Le rôle de maire a déjà grandement évolué ces dernières années. S’il existe une méfiance moins grande des citoyens vis-à-vis des politiques, elle est en effet moins importante à un échelon local. En revanche, elle existe tout de même. Si l’on caricaturait, on dirait que de plus en plus de nos concitoyens sont devenus consommateurs et que l’on attend toujours plus des maires. Bien entendu, de nombreux habitants ont toujours du respect, de la sympathie et de la confiance envers leur maire. Mais ce qui se joue dans les temps très difficiles comme celui que nous vivons aujourd’hui, c’est que le maire et l’administration sont un véritable point de repère sur un territoire. Cela redonne, au sens noble du terme, de l’autorité.
Cela n’est possible que si les actions pour organiser la protection, pour maintenir le lien social, pour porter les besoins du territoire, sont expliquées en toute transparence. Alors, oui les élus devront retrouver de la transparence et une action encore plus proche auprès des citoyens. Pour exemple, nous allons réussir à obtenir 1 masque par personne pour les habitants de la ville. Certains seront d’ailleurs confectionnés par des couturières solidaires. Mais dès qu’ils seront prêts, il va falloir organiser un porte à porte géant pour les porter dans les boîtes aux lettres des habitants.
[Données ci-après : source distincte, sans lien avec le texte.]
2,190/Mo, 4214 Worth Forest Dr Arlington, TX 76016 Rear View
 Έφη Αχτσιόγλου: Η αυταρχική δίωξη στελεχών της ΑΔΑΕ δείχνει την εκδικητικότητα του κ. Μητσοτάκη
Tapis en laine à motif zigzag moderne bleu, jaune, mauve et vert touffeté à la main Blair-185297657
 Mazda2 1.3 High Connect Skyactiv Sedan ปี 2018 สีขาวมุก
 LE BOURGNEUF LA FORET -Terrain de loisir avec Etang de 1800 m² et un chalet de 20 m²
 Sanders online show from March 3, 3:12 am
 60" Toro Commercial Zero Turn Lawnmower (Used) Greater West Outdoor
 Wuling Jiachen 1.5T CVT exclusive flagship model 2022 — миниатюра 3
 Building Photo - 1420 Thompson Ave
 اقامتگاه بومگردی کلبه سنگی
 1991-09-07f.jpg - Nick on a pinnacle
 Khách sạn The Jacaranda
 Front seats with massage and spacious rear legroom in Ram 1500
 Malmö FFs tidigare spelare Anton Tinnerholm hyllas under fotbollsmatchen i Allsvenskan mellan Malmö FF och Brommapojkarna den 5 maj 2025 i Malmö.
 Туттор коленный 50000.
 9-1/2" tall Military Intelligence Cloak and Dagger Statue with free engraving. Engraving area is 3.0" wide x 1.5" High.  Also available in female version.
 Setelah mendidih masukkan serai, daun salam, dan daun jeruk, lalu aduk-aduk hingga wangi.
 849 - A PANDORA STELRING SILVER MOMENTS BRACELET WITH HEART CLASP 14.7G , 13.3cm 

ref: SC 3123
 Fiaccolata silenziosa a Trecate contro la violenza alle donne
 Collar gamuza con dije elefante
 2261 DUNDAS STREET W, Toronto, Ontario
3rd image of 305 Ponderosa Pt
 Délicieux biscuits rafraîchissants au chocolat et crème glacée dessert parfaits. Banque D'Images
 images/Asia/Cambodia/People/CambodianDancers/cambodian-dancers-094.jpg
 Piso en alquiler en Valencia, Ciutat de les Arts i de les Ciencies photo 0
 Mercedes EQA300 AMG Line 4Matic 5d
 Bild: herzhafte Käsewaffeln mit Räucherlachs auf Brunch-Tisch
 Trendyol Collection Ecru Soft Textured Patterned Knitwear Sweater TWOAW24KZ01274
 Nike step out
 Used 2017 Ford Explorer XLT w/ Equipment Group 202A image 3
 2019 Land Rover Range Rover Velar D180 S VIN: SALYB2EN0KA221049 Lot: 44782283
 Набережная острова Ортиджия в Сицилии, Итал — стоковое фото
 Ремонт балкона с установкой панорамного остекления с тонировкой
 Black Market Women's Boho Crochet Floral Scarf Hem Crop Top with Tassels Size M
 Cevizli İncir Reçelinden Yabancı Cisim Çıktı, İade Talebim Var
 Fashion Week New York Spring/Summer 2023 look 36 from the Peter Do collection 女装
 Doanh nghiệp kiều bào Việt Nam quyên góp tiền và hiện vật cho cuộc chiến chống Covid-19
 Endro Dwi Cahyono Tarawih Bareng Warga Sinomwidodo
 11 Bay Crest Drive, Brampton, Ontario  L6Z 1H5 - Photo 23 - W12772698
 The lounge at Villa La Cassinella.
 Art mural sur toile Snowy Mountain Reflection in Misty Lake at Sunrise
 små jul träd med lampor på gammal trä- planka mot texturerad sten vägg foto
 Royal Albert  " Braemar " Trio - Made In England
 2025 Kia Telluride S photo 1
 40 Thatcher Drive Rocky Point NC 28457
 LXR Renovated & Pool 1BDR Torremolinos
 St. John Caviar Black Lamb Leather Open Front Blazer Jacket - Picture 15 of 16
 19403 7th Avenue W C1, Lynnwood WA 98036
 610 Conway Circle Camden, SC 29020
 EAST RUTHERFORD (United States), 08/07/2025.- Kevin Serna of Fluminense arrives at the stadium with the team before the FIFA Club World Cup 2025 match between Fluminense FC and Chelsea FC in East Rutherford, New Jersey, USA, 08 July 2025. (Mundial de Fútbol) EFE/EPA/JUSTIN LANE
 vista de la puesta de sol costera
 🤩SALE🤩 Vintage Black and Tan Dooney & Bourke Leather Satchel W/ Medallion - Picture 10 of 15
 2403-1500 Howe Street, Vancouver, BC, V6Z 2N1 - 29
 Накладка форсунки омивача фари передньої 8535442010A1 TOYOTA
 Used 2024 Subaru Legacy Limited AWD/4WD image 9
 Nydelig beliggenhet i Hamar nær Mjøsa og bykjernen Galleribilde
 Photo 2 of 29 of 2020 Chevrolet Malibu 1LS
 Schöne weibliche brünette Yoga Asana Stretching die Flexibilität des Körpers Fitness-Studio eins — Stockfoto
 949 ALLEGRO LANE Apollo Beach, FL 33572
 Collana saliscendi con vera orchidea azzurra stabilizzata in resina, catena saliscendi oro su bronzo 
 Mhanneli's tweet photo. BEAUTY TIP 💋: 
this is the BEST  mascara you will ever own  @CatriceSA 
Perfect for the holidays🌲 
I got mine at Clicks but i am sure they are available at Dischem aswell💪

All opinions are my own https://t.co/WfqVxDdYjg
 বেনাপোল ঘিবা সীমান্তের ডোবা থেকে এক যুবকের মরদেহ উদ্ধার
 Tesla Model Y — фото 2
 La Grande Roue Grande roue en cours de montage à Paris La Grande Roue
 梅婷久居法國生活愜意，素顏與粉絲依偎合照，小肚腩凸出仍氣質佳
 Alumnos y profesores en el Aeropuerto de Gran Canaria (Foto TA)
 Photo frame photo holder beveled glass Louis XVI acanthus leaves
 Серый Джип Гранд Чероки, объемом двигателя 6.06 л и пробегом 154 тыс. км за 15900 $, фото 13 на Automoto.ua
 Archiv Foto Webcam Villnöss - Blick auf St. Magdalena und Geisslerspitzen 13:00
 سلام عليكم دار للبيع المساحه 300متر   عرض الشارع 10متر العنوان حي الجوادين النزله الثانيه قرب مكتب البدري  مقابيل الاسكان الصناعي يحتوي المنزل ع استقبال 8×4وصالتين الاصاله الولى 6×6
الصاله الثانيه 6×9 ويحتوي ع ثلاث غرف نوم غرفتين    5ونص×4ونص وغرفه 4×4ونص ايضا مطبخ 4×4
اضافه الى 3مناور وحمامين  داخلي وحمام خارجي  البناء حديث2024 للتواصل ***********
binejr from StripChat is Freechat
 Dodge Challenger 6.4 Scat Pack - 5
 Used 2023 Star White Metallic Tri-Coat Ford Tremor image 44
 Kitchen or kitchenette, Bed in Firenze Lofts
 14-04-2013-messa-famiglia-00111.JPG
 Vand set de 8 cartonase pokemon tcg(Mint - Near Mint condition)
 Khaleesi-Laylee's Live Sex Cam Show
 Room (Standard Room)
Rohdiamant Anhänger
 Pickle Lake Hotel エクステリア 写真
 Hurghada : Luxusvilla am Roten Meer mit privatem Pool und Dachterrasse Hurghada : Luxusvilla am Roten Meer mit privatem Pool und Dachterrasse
Ainsi, sur des sujets majeurs, comme celui-ci, il est nécessaire d’être en contact direct avec la population et cela, c’est vraiment de la démocratie !
À la sortie de cette crise, le maire devra endosser trois rôles : protéger, unir et porter la voix. Car les maires ne pourront pas s’affranchir de porter la voix du territoire pour que l’Égalité soit mieux assurée et que tous les citoyens soient protégés.